Every move he has made has been calculated. He doesn’t make rash decisions, although when he talks about how he got to where he is today, he reveals a few pivots along the way.
For starters, finance was not his passion growing up. Architecture was.
As a child, Mr. Seif loved to draw. He recalls endless recesses at school sketching template designs of houses and cars. In high school, his simple designs turned into architectural blueprints and then he began researching which school had the best architectural program.
“I don’t know what it was about architecture but I loved the architectural element of creating and designing things. I loved the element of creativity but also the structure of math behind it all,” Mr. Seif says. “I look at my life today and architecture is a part of everything that I do.”
Born in Manchester, England, Mr. Seif grew up in a middle-income family. His Iran-born parents brought him and his older brother to Toronto in 1980 so his father could complete his PhD at York University.
His parents supported his ideas, always telling him to follow his dreams, but his dreams didn’t correlate with his desire for financial success.
Just prior to when college applications were due, at 18 years old, he met with several local architects and discovered there wasn’t a lot of money in the industry. In a last-minute decision, Mr. Seif switched his career path and graduated from the University of Toronto with a degree in industrial engineering.

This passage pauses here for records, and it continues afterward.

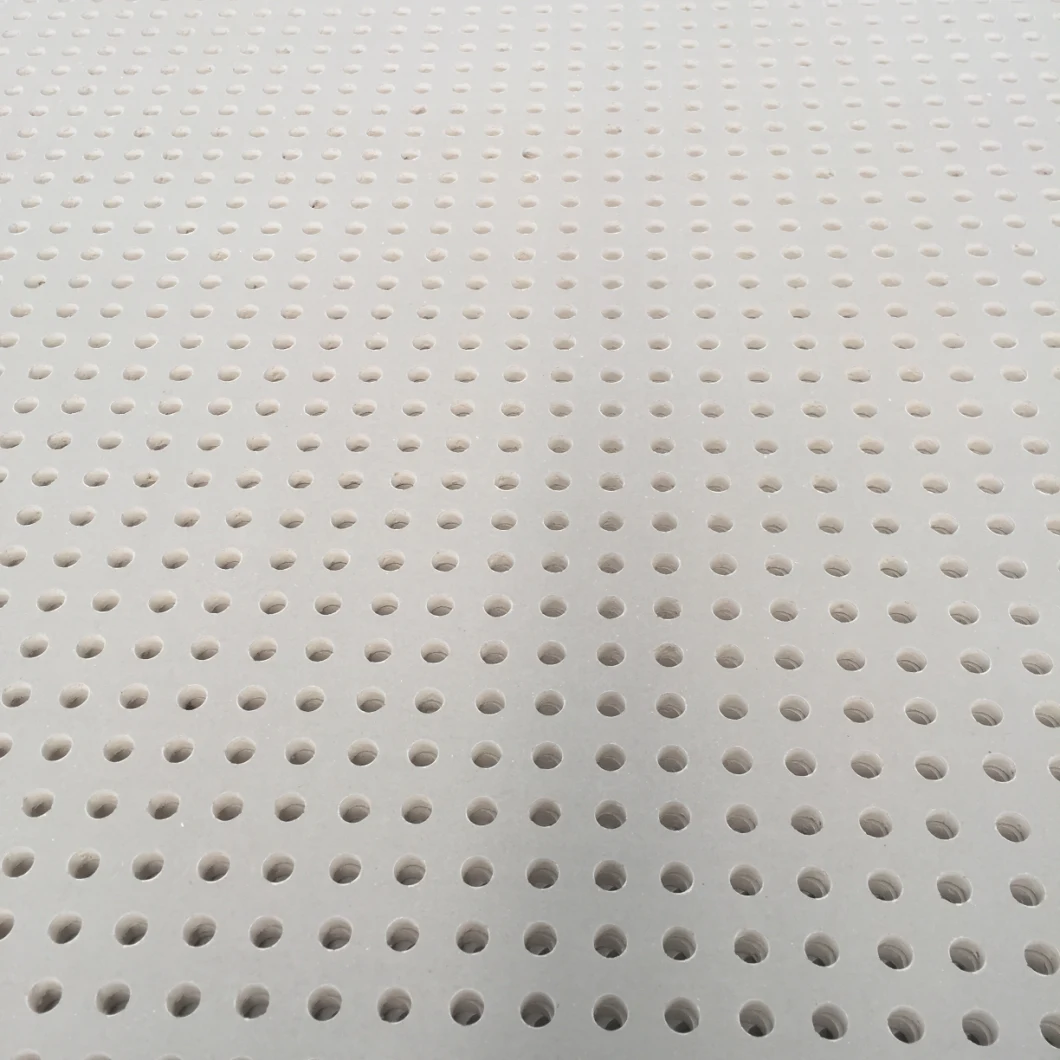 White Perforated Gypsum Board Acoustic Panel for Auditorium Wall Materials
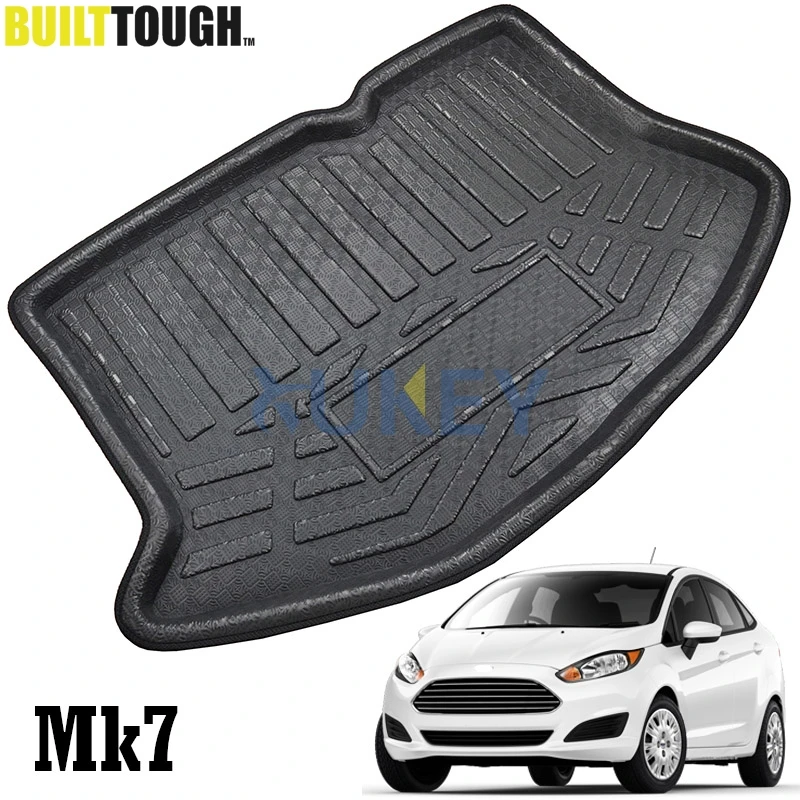 Fit For 2009 2017 Ford Fiesta Hatchback Rear Trunk Boot Liner Cargo Mat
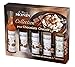 MONIN - Sirup-Set Monin &ndash; gerollte Aromen mit Zimt/Schokolade Cookie/Lebkuchen/Vanille/Kokosnuss &ndash; f&uuml;r Kaffee/hei&szlig;e Schokolade/Cappuccino/Latte &ndash; nat&uuml;rliche Aromen &ndash; Glasflasche &ndash; 5 x 5 cl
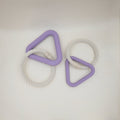 Natural Rubber Triangle Tug Toy - Sparkly Tails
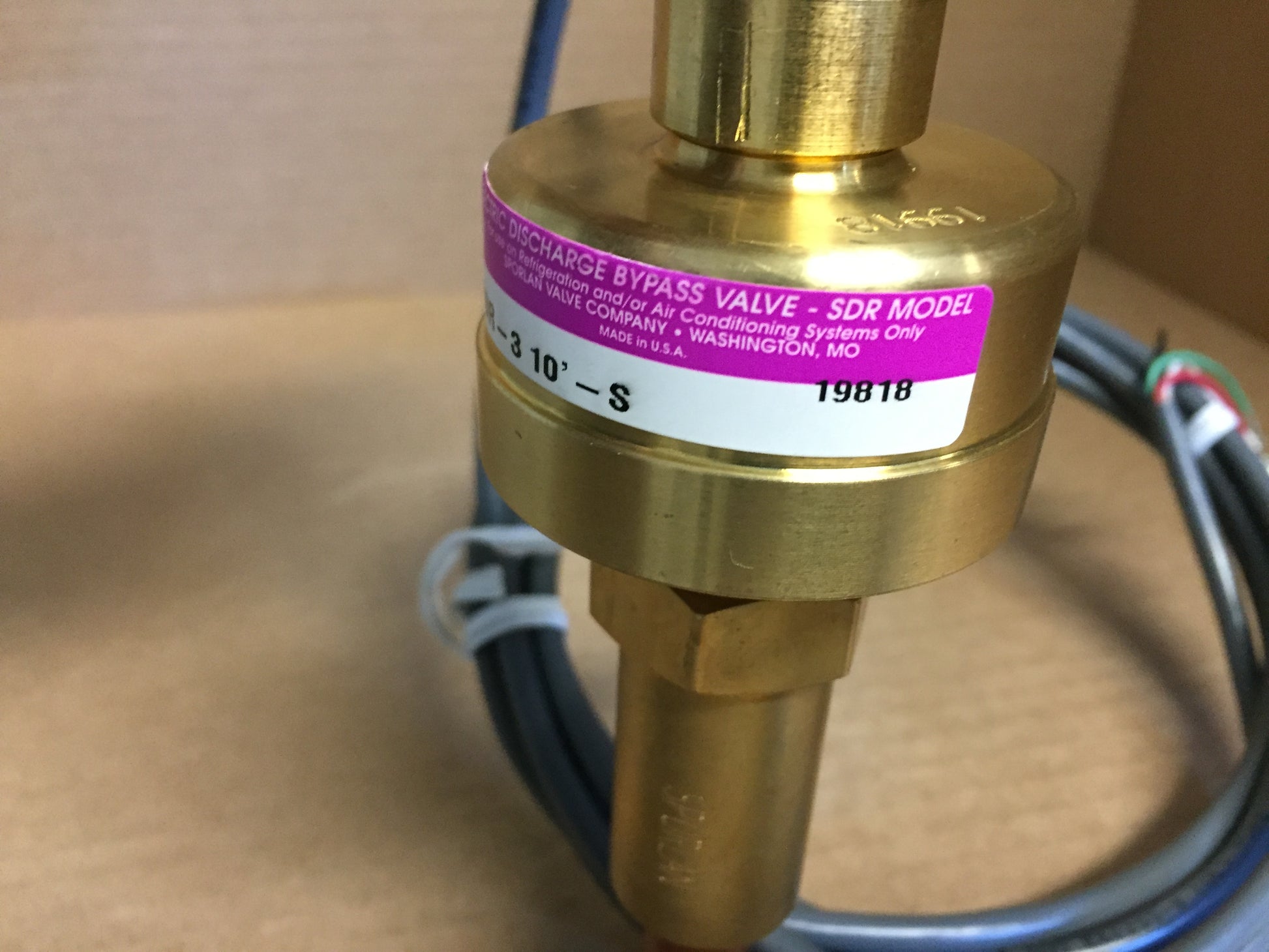 1/2" " X 1/2" ELECTRIC DISCHARGE VALVE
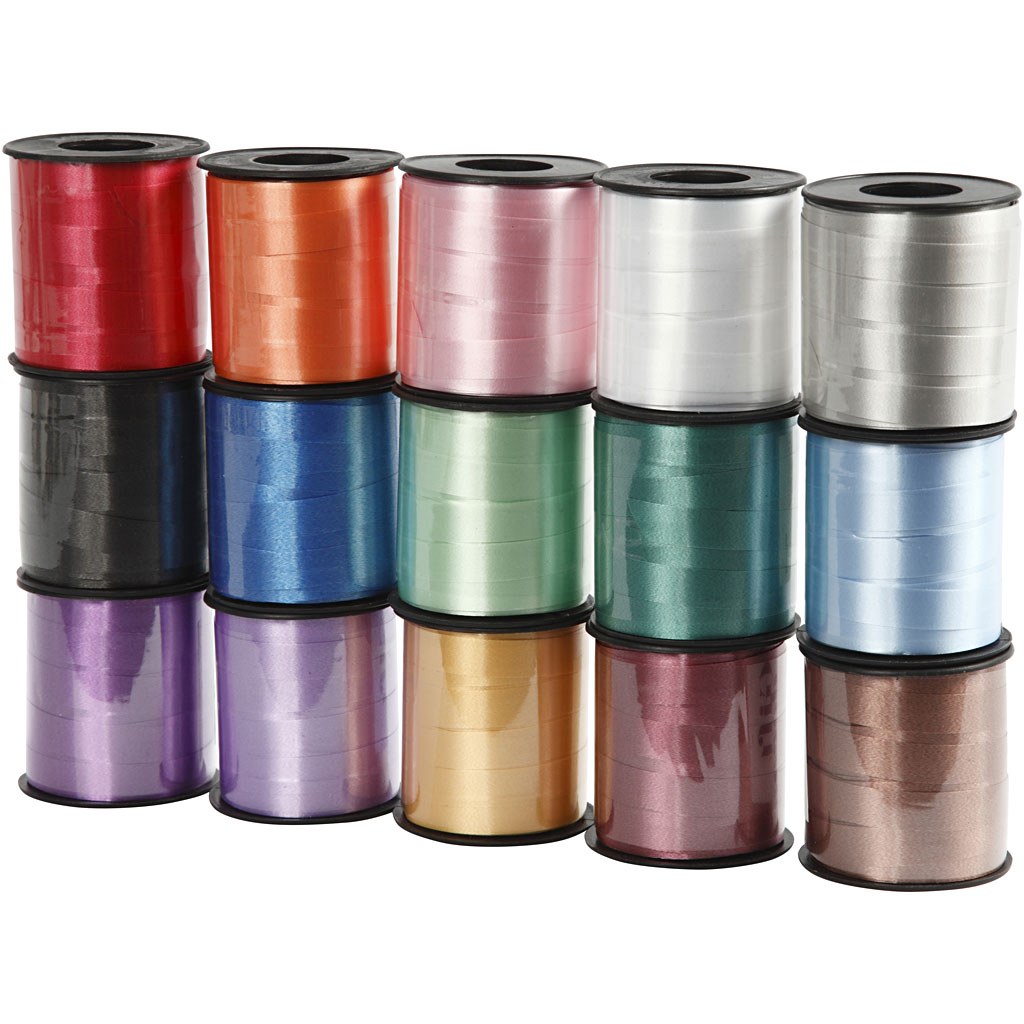 Cinta de rizar colores surtidos — 15x50 m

“It was a really difficult decision but one of the challenges for me was that I had a personal goal to make money,” he says. “I didn’t come from money but I always had a dream of very big things. I wanted expensive cars and the things that went along with them. So I decided I wasn’t going to go into architecture, and business was something else that interested me, and engineering has more of a business process with operations and design.”

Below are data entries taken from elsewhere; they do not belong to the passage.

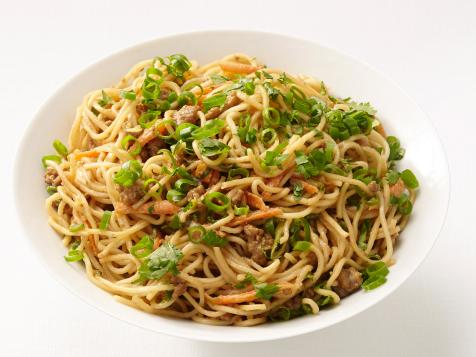 Peanut Noodles with Pork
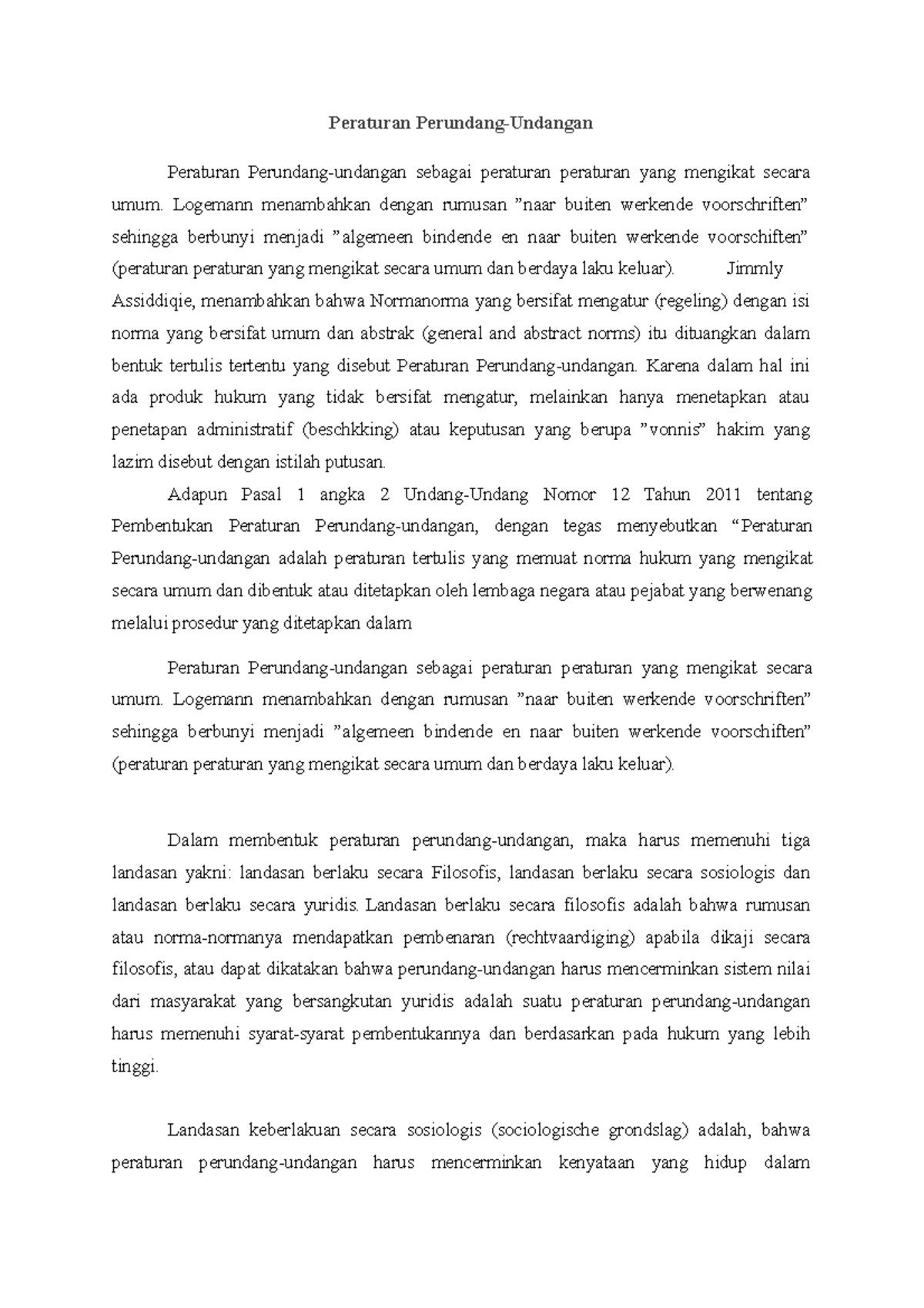 Peraturan Perundang-undangan - Peraturan Perundang-Undangan Peraturan ...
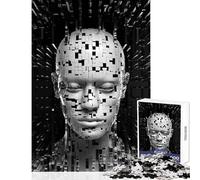 1000 Piece Jigsaw Puzzle for Adults Binary Embrace Educational Toy Great Gift for Games Hands-on Game Difficult And Challenge Size 38x52cm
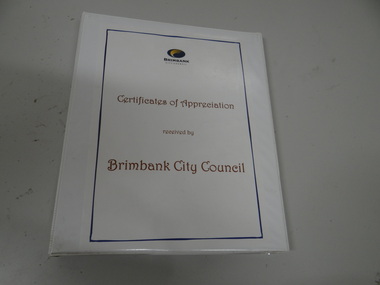 White Folder, Folder with Certificates of Appreciation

When he decided to go into investment banking, he was the odd one out – competing against the numerous MBA candidates that year.
“I got a lot of rejections mainly because right on the application it would state only MBAs to apply,” he says. “But I was arrogant and applied anyways.”
It was during a second round of interviews with RBC Dominion Securities that he caught his big break and was able to convince the executives that an engineer should be able to join their firm. He spent almost six years on the open trading floor at the bank, learning skills he calls fundamental to his development as a leader and entrepreneur.
“Putting everyone into a single pit is the best learning experience for any individual, especially in an entrepreneurial, growth-oriented company,” he says. “I built both my companies with similar layouts so that everyone can have that feeling of being a part of it. Everyone feeds off the energy – especially in a stage of growth when it resonates with everyone.”
His big break came in 2004 when one of his U.S. clients approached him about building a business in Canada for them. Three weeks later he resigned and launched Claymore.
“I had already decided that I didn’t want to stay long term at the bank and this opportunity immediately jumped out at me,” Mr. Seif, who has a sweet tooth, says between spoonfuls of mango pudding. “I knew this was it. This was the bed I was going to make and the risk I was going to take.”
Taking chances with people is another practice he has incorporated into his own hiring. Both at Claymore and Purpose, where he has 17 employees, he has looked more at what an individual is telling him they can do than what they have written down on a résumé.
“I believe in their character and their effort – and what their drive is – because ultimately that is what made me who I am,” he says. “I’m always looking for the next 28-year-old Som to walk into my office.”